Oz Woodside Hopes to Replicate Kitimat LNG Electrification
Australian Woodside Energy, one of two partners in the planned Kitimat LNG project on BC’s north coast, hopes to replicate elsewhere its recent decision, in partnership with Chevron Canada, to fully electrify the 18mn mt/yr liquefaction facility.
Speaking with reporters on the sidelines of Gastech 2019 in Houston on September 17, Woodside CEO Peter Coleman pointed to his company’s efforts to generate carbon offsets and develop carbon capture and storage (CCS) projects.
“We know we are leading in generating offsets and developing CCS projects, but we know we need to do more, and that area is probably going to be getting more and more electrification into the liquefaction process, and we can do that using renewables,” he said.
With Australia’s abundant sunshine resource, solar electrification would be a natural fit there, but in Canada, BC Hydro’s growing hydroelectric capacity is where Woodside is looking for the 600 MW of electric energy Kitimat LNG will need.
“If you think about a large LNG plant today, if it needs 500 MW of total power, 100 MW of that may be generated through electricity, 400 MW of that will actually come from gas-fired turbines driving the compressors,” Coleman said. “If those turbines can be converted to electric in a sensible way, that is the best way to start reducing emissions.”
Woodside has been working with turbine manufacturers to convert those units to run on electricity, rather than on natural gas, and it has managed to incorporate the concept into Kitimat LNG, which recently announced an expansion to three trains and 18mn mt/yr from the initial plan for two trains and 12mn mt/yr. Chevron is seeking an expanded natural gas export licence to match the bigger project.
“We’ve been working with BC Hydro on a concept to get power into the site, and that will make it the first fully-electric site for an LNG plant in the world,” he said.
On other matters related to the Kitimat project, Coleman said Woodside has recently decided to disaggregate the project, meaning that it will focus first on establishing the ownership structure of the liquefaction plant, and then turn to whether it wants to also own the pipeline that will deliver feed gas to Bish Cove, the location on Douglas Channel where the plant will be built.
Woodside has always said it doesn’t want to take FID on a project in which it holds a 50% equity interest, so it’s looking now for potential purchasers for a portion of that equity, perhaps 10% or 20%. Chevron Canada would have to approve any equity change.

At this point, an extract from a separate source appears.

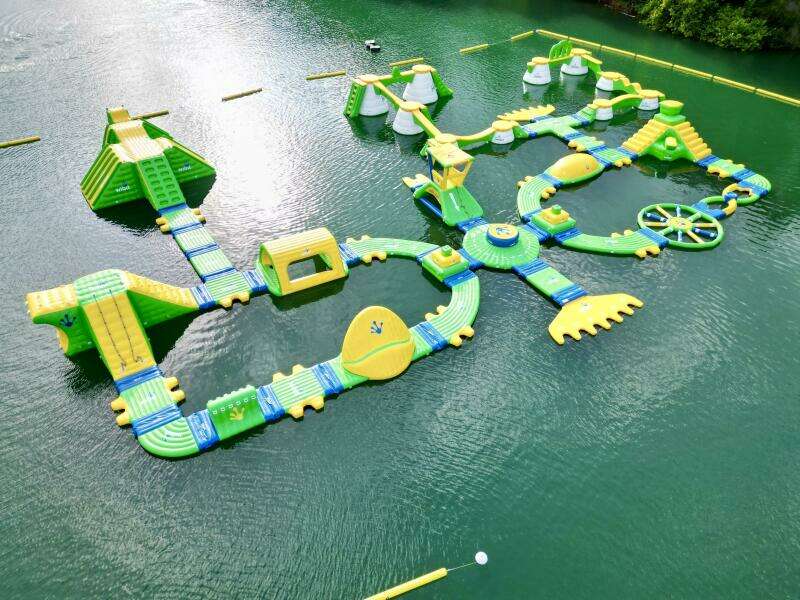 68ft Aqua Chalet Yacht For Sale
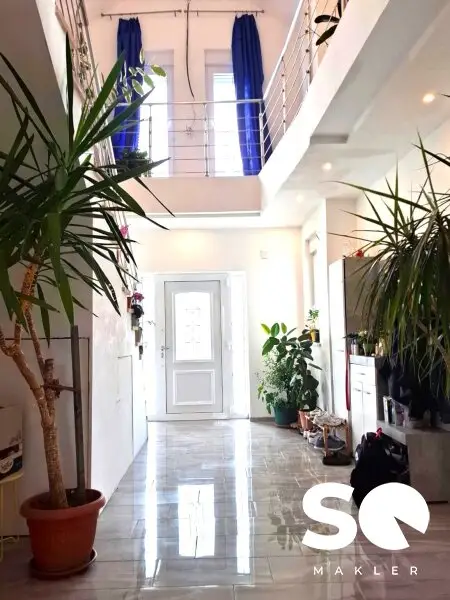 #SQ - UNTERFRAUENHAID: NEUWERTIGES EINFAMILIENHAUS IN TOP LAGE MIT GARTEN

Further upstream, neither Woodside nor Chevron have made any decisions on who might own the pipeline - with the working name of Pacific Trail Pipeline - and is still discussing that structure. And in the production fields of northeastern BC, where both Chevron and Woodside have reserves in the Liard Basin straddling BC’s northern border with the Yukon and Northwest Territories, no decisions have been taken on how Kitimat LNG will be supplied.
“In BC, the key is the ownership of the plant; the upstream is not an issue because there is so much gas available,” Coleman said. “It’s about ownership of the plant; we’re working with people about who is best to own the pipeline and how that would work; the final step then would be working on the upstream supply, whether that supply comes from the Liard basin, from other producers in western Canada, or a combination thereof.”